> **What to produce**: Copy out all of the entries below without any change.
==== Provided records
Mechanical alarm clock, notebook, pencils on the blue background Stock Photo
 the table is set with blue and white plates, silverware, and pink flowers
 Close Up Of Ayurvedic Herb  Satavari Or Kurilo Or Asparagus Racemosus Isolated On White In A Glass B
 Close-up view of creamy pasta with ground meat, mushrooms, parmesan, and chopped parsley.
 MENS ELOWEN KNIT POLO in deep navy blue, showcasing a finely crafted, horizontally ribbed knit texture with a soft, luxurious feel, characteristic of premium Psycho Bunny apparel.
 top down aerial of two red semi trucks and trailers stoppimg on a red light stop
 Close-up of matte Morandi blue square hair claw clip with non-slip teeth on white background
========
> **Task solution**:
Mechanical alarm clock, notebook, pencils on the blue background Stock Photo
 the table is set with blue and white plates, silverware, and pink flowers
 Close Up Of Ayurvedic Herb  Satavari Or Kurilo Or Asparagus Racemosus Isolated On White In A Glass B
 Close-up view of creamy pasta with ground meat, mushrooms, parmesan, and chopped parsley.
 MENS ELOWEN KNIT POLO in deep navy blue, showcasing a finely crafted, horizontally ribbed knit texture with a soft, luxurious feel, characteristic of premium Psycho Bunny apparel.
 top down aerial of two red semi trucks and trailers stoppimg on a red light stop
 Close-up of matte Morandi blue square hair claw clip with non-slip teeth on white background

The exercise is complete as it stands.